TASK OBJECTIVE:
Make a verbatim copy of all the records. Skip every image.

Segment Open

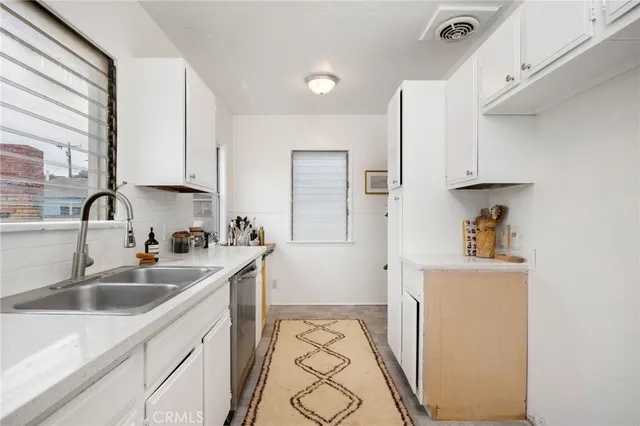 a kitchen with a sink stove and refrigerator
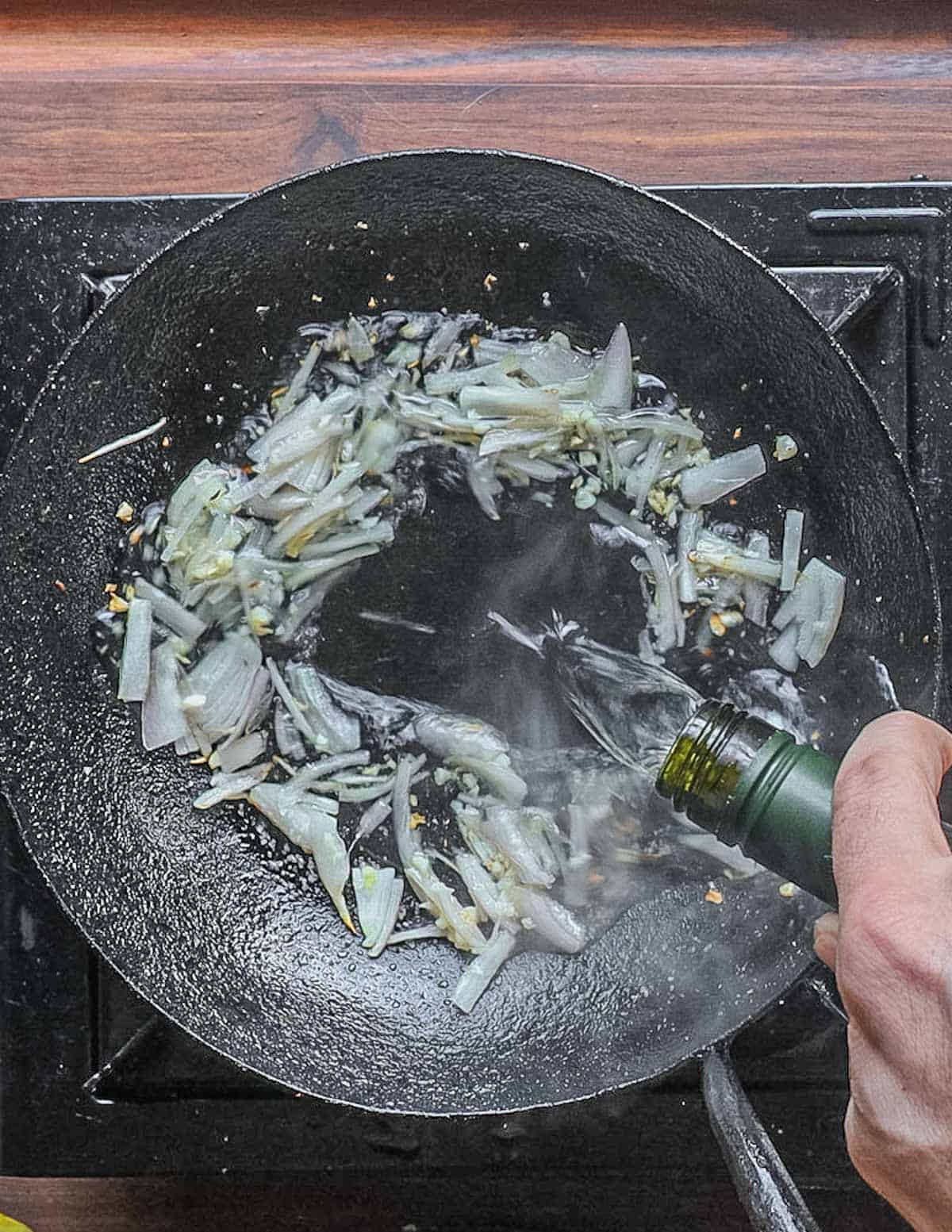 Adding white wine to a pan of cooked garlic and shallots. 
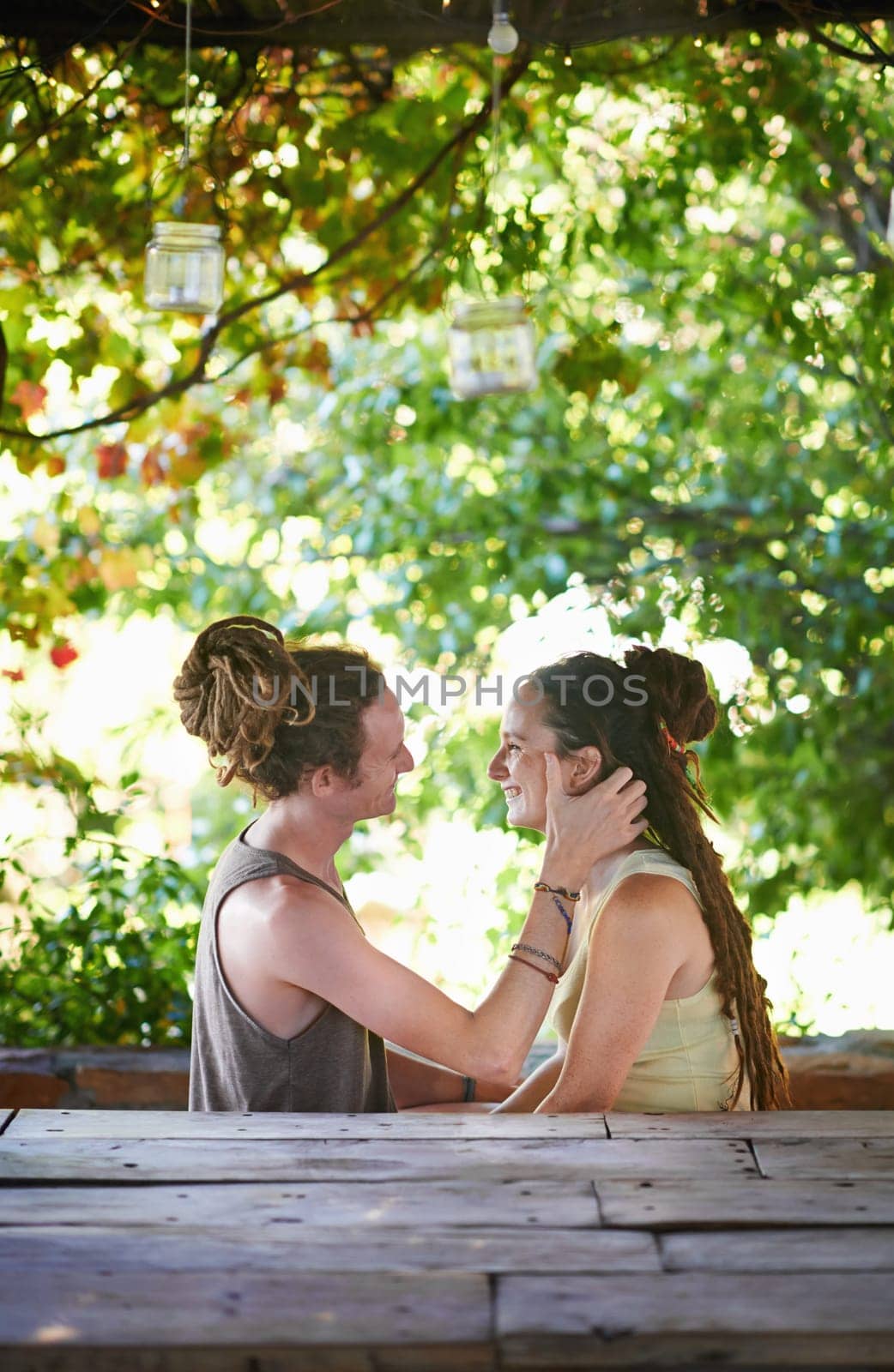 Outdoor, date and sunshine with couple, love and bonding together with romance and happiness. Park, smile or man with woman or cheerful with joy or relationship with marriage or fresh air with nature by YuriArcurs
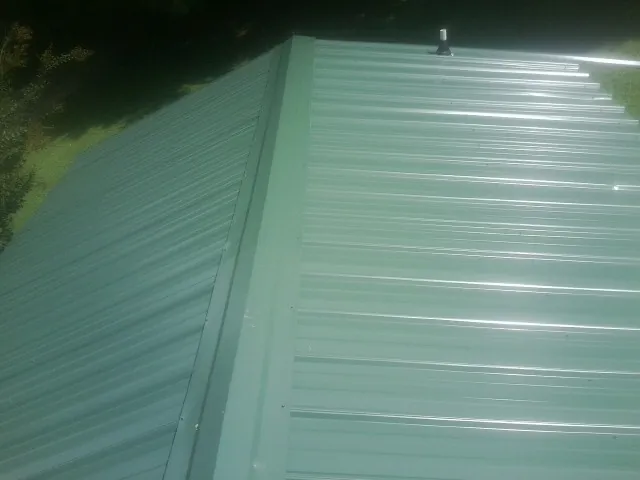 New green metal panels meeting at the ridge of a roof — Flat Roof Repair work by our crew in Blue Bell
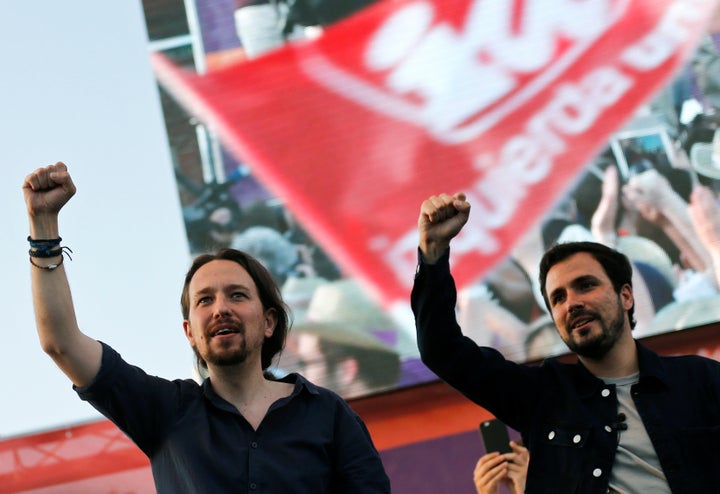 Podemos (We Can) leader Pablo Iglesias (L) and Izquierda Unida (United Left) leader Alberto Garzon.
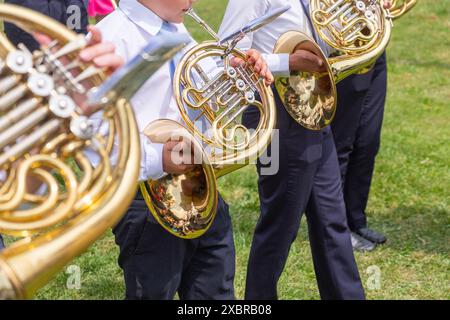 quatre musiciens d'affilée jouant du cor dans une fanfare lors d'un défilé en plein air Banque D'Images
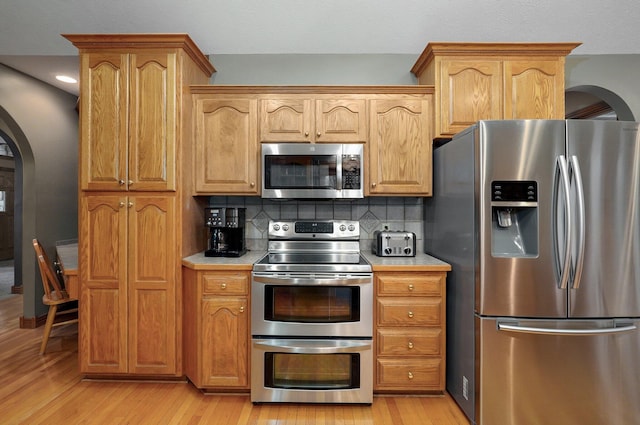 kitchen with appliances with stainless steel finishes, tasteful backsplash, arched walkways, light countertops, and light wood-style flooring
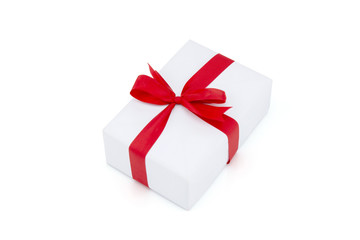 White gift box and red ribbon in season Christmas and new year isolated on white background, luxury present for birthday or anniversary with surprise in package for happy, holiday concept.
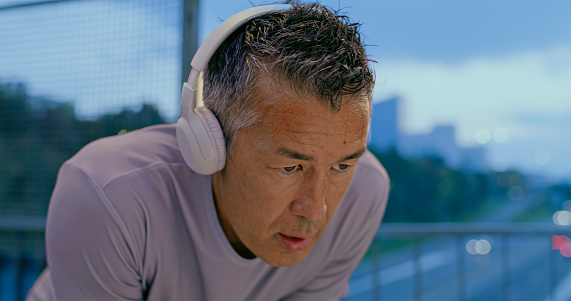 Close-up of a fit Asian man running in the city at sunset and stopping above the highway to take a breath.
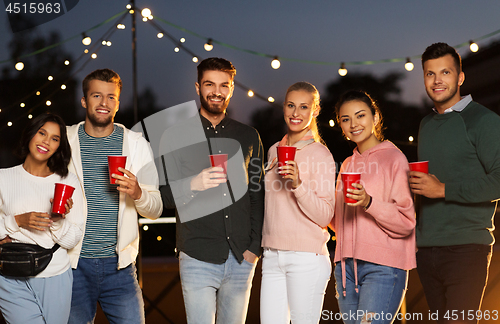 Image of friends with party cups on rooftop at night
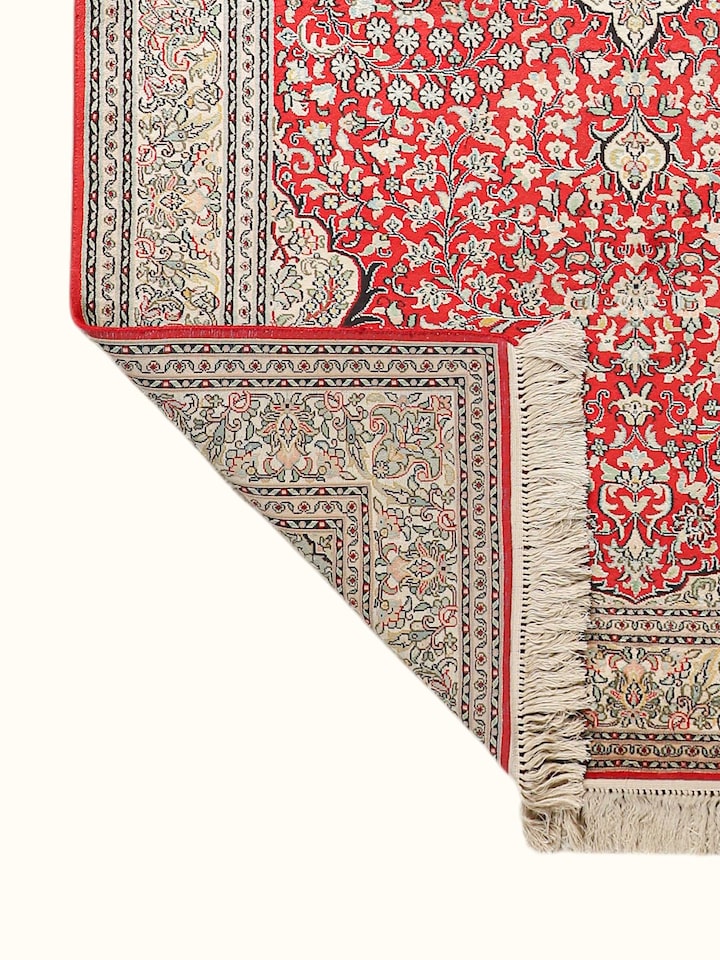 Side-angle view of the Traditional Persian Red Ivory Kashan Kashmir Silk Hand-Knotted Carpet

Segment Closed

ANSWER SECTION:
 a kitchen with a sink stove and refrigerator
 Adding white wine to a pan of cooked garlic and shallots. 
 Outdoor, date and sunshine with couple, love and bonding together with romance and happiness. Park, smile or man with woman or cheerful with joy or relationship with marriage or fresh air with nature by YuriArcurs
 New green metal panels meeting at the ridge of a roof — Flat Roof Repair work by our crew in Blue Bell
 Podemos (We Can) leader Pablo Iglesias (L) and Izquierda Unida (United Left) leader Alberto Garzon.
 quatre musiciens d'affilée jouant du cor dans une fanfare lors d'un défilé en plein air Banque D'Images
 kitchen with appliances with stainless steel finishes, tasteful backsplash, arched walkways, light countertops, and light wood-style flooring
 White gift box and red ribbon in season Christmas and new year isolated on white background, luxury present for birthday or anniversary with surprise in package for happy, holiday concept.
 Close-up of a fit Asian man running in the city at sunset and stopping above the highway to take a breath.
 Image of friends with party cups on rooftop at night
 Side-angle view of the Traditional Persian Red Ivory Kashan Kashmir Silk Hand-Knotted Carpet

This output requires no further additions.